La vida es camino

Creo que una buena imagen para comprender la vida es la del camino. Sí, la vida es un camino. Y vivir se trata de aprender a andar ese camino único y original que es la vida de cada uno.
Y si la vida es un camino -un camino lleno de paradojas- nuestra tarea de vida es simplemente aprender a caminar, aprender a vivir. Y como todo aprender, el vivir es también un proceso de vida.
Se trata entonces de aprender a caminar, aprender a dar nuestros propios pasos, a veces pequeños, otras veces más grandes. Se trata de aprender a caminar con otros, a veces aprender a esperarlos en el camino y otras veces dejarnos ayudar en el camino. Se trata de volver a levantarnos una y otra vez cuando nos caemos. Se trata de descubrir que este camino es una peregrinación con Jesucristo hacia el hogar, hacia el Padre.
Y la buena noticia es que si podemos aprender a caminar, entonces también podemos aprender a vivir, podemos aprender a amar... Podemos aprender a caminar con otros...
De eso se trata este espacio, de las paradojas del camino de la vida, del anhelo de aprender a caminar, aprender a vivir, aprender a amar. Caminemos juntos!

sábado, 9 de junio de 2018

«¿Quién es mi madre y quiénes son mis hermanos?»


Domingo 10° durante el año – Ciclo B

Mc 3, 20 – 35

«¿Quién es mi madre y quiénes son mis hermanos?»

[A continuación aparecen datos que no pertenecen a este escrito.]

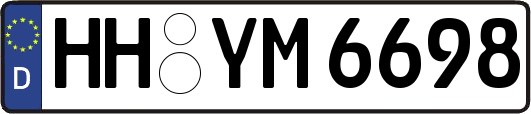 HH-YM6698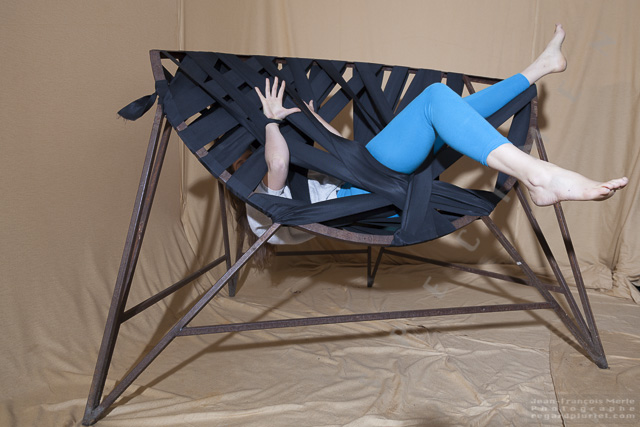 loveuz elastic love seat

Queridos hermanos y hermanas:

            En el Evangelio de hoy (Mc 3, 20 – 35) vemos que ya desde el inicio de su ministerio público Jesús experimenta la incomprensión e incluso la oposición de sus parientes y de los referentes religiosos de su pueblo. Sus familiares dicen: «Es un exaltado» (Mc 3, 21), y los escribas de Jerusalén: «Está poseído por Belzebul y expulsa a los demonios por el poder del Príncipe de los demonios» (Mc 3, 22).

            ¿De dónde nace esta incomprensión que puede llegar incluso a ser oposición?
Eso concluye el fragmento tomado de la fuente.